Durante un rato, la muchacha se concentró en el paisaje desértico que tenían por delante, las manos enguantadas, firmes en las riendas. Después agachó un poco la cabeza, como si se avergonzara.
—Como dije —murmuró—, Benshar es el lugar al que iría un mago. Por las Brujas.
—¿Quién?
La voz de la muchacha apenas resultaba audible sobre el sonido suave de los cascos contra la tierra dura como piedra.
—Las Brujas de Benshar.
Halcón de las Estrellas espoleó a su caballo para alcanzar al grueso bayo de la muchacha y poder cabalgar junto a ella, rodilla con rodilla.

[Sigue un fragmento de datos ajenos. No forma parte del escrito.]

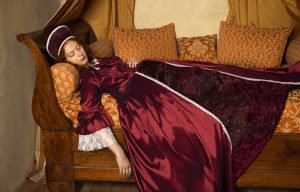 medieval sleep cycle, segmented sleep benefits, biphasic sleep, Roger Ekirch sleep history, polyphasic sleep famous people, insomnia natural cures, sleep inertia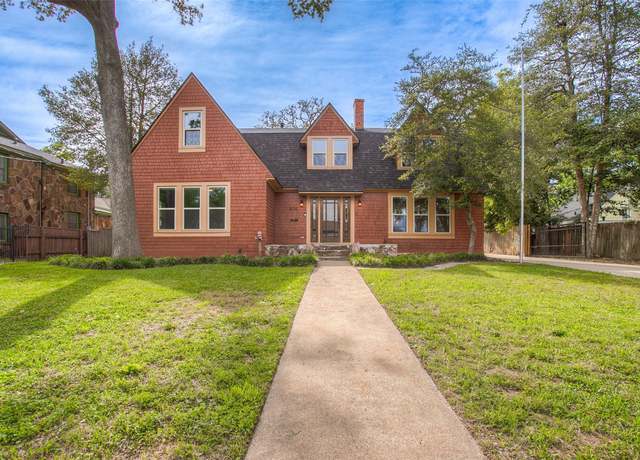 Property at 2010 Avenue N 1/2, Huntsville, TX 77340, 4 beds, 2 baths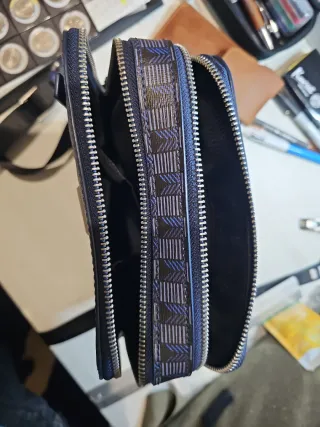 Bolso Guess Hombre Negro y Azul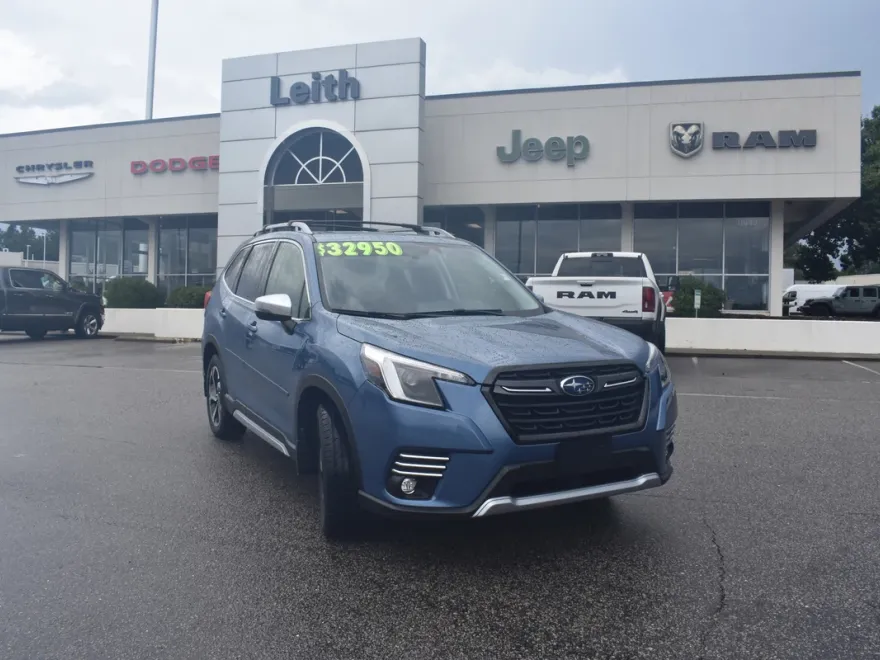 2022 Subaru Forester Touring photo 1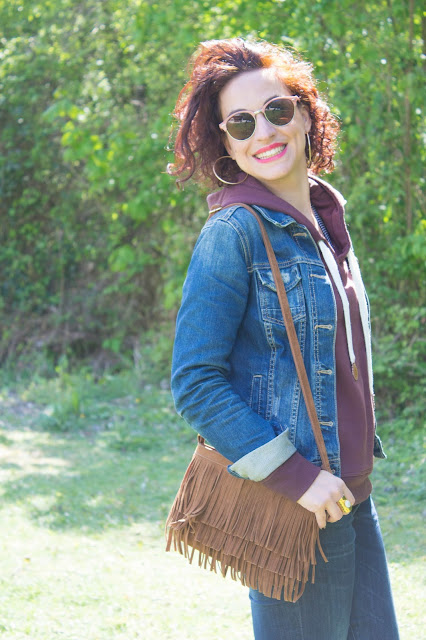 Un look casual en denim et bordeaux 💕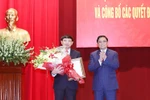 Công bố quyết định của Bộ Chính trị về công tác cán bộ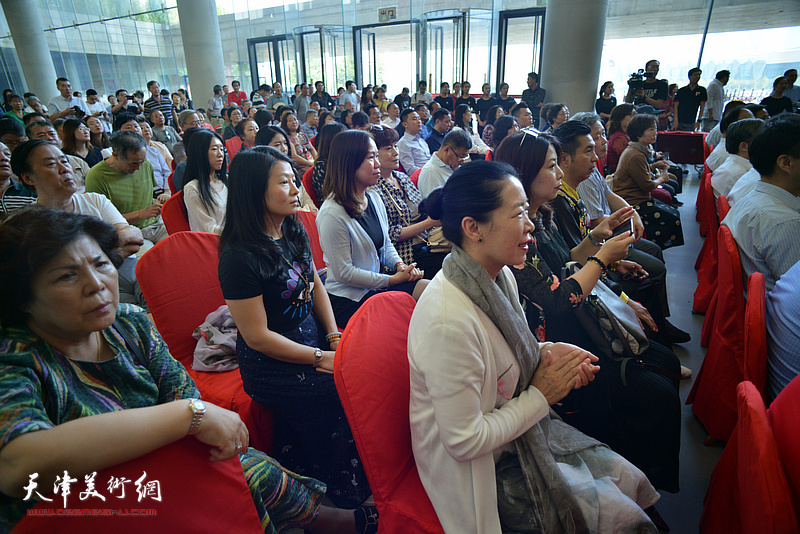 “不忘初心 方得始终”—学习用典书画展9月27日在天津美术馆开幕。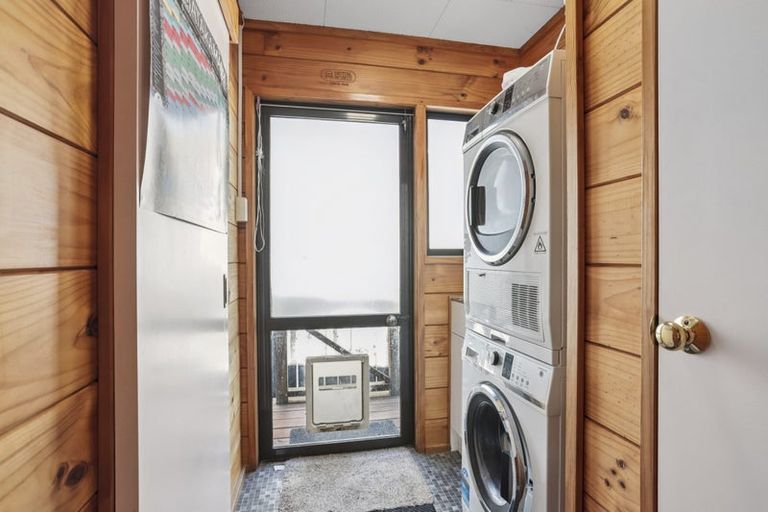 Photo of property in 42 Withers Road, Glen Eden, Auckland, 0602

—Nunca oí hablar de ellas.
—A papá no le gusta que se hable de ellas. —Tazey miró a Halcón de las Estrellas con nerviosismo y después continuó—: Antes había un dicho… todavía se oye en la ciudad: «Bestial como las Brujas de Benshar». Y, a veces, «Bestial como las Hembras de Benshar», porque todas las mujeres de la Antigua Casa de Benshar eran brujas. El Obispo dice que las almas de esas mujeres están malditas. Sabían llamar a las tormentas de arena u obligarlas a marcharse; partían el viento con las manos y llamaban a la oscuridad en pleno día peinándose el cabello, o conjuraban a los muertos. Eran crueles y malvadas y gobernaban estas tierras desde los pies de las colinas de la Columna del Dragón, antes de que vinieran los Señores de los Reinos Medios y conquistaran las tierras y dominaran a los otros Señores del Desierto. Supongo que por eso mi padre se enojó tanto cuando descubrió que el maestro de Jeryn había nacido mago.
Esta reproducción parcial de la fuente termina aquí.